Il termine disenfranchised grief, introdotto dallo studioso Kenneth Doka, si riferisce proprio a questo tipo di lutto: un lutto che viene privato di legittimità. Può accadere in molti modi. Pensiamo alla morte di un ex partner, di un’amica o di un amico intimo mai “ufficializzato”, di una persona amata in segreto. Ma anche alla perdita di un animale domestico, di una persona famosa che ha segnato la nostra vita, o alla fine di una relazione importante vissuta da una persona anziana, a cui spesso non si riconosce il diritto all’amore e quindi al dolore.
Ci sono poi i lutti legati a esperienze stigmatizzate: il suicidio, l’overdose, l’interruzione volontaria di gravidanza. O ancora, i lutti che coinvolgono relazioni non conformi alle aspettative sociali: partner dello stesso sesso, legami extraconiugali, famiglie “non tradizionali”.
Un’altra forma di lutto delegittimato è quella che accompagna un cambiamento d’identità profonda. Penso, ad esempio, a chi compie un percorso di transizione di genere, e nel momento in cui riceve i nuovi documenti può sperimentare un dolore sottile e difficile da nominare: la perdita sociale di un nome, di un volto, di un’identità che pure ha abitato per anni. È un lutto di cui si parla poco, ma che merita ascolto, perché anche nei passaggi di rinascita possono annidarsi delle perdite.

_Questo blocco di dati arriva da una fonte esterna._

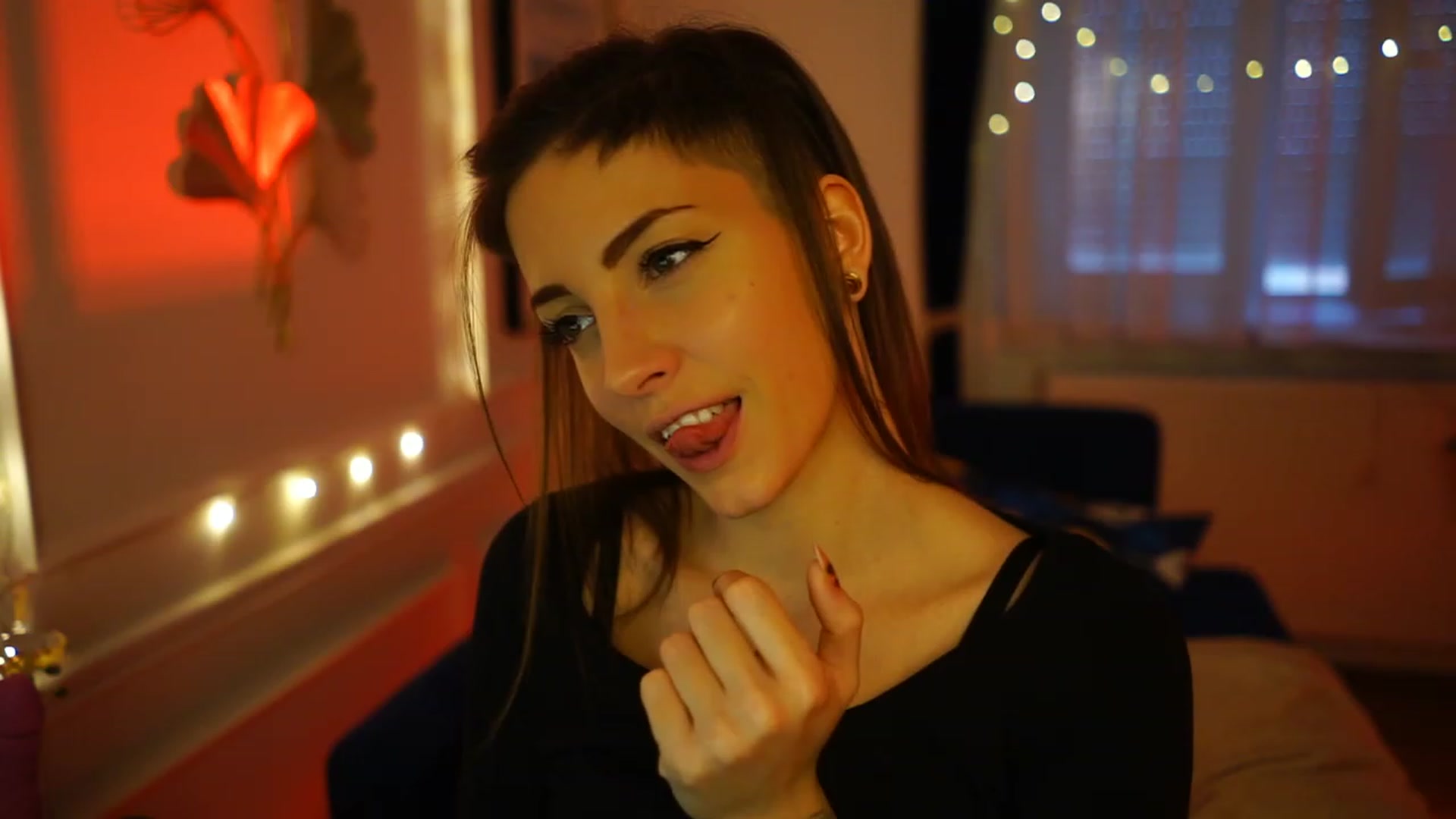 Gallery image thumbnail from Kend_dall's myfreecams stream on, 01/22/2023, 13:11 image 17 of 20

Esistono poi i lutti legati ai sogni che non si sono realizzati: un figlio mai nato, una carriera sognata e mai intrapresa, un amore che non ha potuto sbocciare, un progetto di vita sfumato. Sono dolori silenziosi, difficili da spiegare agli altri, perché spesso non c’è un “evento” visibile a cui ancorarli. Ma il lutto per ciò che non è stato può segnare profondamente, e merita quanto ogni altro di essere accolto.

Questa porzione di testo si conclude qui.